Start of Listed records

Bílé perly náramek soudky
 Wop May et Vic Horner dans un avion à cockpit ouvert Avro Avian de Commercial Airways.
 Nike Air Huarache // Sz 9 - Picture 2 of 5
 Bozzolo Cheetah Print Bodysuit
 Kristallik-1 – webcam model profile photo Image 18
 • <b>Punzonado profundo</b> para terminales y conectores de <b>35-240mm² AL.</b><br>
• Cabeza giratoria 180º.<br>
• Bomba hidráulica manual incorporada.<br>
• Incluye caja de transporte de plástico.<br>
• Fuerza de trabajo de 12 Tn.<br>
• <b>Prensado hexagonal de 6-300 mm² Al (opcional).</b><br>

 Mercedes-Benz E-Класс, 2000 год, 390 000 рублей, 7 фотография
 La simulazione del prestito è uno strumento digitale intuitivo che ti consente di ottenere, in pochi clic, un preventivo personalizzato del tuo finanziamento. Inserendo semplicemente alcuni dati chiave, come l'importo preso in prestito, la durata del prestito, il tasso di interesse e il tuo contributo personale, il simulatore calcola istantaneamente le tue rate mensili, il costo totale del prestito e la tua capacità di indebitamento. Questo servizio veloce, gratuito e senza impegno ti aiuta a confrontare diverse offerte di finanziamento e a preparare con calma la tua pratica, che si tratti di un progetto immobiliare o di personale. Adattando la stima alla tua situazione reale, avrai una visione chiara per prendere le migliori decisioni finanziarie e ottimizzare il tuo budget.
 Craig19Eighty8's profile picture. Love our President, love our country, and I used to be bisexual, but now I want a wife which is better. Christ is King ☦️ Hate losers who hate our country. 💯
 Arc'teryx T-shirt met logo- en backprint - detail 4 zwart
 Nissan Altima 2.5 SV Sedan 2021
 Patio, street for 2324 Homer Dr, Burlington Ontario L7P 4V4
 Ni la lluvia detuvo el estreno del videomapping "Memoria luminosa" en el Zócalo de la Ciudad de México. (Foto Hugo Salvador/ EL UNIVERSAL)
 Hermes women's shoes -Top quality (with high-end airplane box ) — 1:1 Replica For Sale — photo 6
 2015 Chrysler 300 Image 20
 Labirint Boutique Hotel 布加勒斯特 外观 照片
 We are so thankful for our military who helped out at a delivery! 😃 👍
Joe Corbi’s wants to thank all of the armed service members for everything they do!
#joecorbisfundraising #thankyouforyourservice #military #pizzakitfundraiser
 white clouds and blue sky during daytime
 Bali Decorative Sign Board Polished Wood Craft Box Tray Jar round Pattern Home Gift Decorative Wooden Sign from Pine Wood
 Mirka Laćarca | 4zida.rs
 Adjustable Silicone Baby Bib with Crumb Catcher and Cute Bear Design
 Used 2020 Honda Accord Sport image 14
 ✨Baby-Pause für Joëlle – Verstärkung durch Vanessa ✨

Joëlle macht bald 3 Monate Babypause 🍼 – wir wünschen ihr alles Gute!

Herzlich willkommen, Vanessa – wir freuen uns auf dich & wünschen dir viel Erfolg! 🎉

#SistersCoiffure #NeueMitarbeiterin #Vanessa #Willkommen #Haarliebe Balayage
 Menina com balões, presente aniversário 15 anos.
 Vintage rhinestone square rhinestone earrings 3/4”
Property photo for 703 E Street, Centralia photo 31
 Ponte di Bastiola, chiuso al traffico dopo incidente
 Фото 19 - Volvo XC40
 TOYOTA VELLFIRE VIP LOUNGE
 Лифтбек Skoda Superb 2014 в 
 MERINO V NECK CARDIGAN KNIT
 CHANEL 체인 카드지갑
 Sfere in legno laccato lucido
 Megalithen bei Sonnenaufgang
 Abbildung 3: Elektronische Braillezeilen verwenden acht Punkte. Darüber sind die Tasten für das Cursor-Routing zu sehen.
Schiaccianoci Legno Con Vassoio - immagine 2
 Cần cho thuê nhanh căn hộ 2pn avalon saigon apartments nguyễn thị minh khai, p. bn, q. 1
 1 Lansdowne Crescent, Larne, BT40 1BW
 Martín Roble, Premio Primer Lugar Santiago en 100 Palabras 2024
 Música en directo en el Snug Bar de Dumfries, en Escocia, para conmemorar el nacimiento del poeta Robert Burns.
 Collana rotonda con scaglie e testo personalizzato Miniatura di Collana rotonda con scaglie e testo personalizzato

End of Listed records

Work item. Above this instruction are the records; retype exactly the lines from the one containing "#joecorbisfundraising #thankyouforyourservice #military" up to and including the one containing "1 Lansdowne Crescent, Larne, BT40 1BW".

Output for this task.
#joecorbisfundraising #thankyouforyourservice #military #pizzakitfundraiser
 white clouds and blue sky during daytime
 Bali Decorative Sign Board Polished Wood Craft Box Tray Jar round Pattern Home Gift Decorative Wooden Sign from Pine Wood
 Mirka Laćarca | 4zida.rs
 Adjustable Silicone Baby Bib with Crumb Catcher and Cute Bear Design
 Used 2020 Honda Accord Sport image 14
 ✨Baby-Pause für Joëlle – Verstärkung durch Vanessa ✨

Joëlle macht bald 3 Monate Babypause 🍼 – wir wünschen ihr alles Gute!

Herzlich willkommen, Vanessa – wir freuen uns auf dich & wünschen dir viel Erfolg! 🎉

#SistersCoiffure #NeueMitarbeiterin #Vanessa #Willkommen #Haarliebe Balayage
 Menina com balões, presente aniversário 15 anos.
 Vintage rhinestone square rhinestone earrings 3/4”
Property photo for 703 E Street, Centralia photo 31
 Ponte di Bastiola, chiuso al traffico dopo incidente
 Фото 19 - Volvo XC40
 TOYOTA VELLFIRE VIP LOUNGE
 Лифтбек Skoda Superb 2014 в 
 MERINO V NECK CARDIGAN KNIT
 CHANEL 체인 카드지갑
 Sfere in legno laccato lucido
 Megalithen bei Sonnenaufgang
 Abbildung 3: Elektronische Braillezeilen verwenden acht Punkte. Darüber sind die Tasten für das Cursor-Routing zu sehen.
Schiaccianoci Legno Con Vassoio - immagine 2
 Cần cho thuê nhanh căn hộ 2pn avalon saigon apartments nguyễn thị minh khai, p. bn, q. 1
 1 Lansdowne Crescent, Larne, BT40 1BW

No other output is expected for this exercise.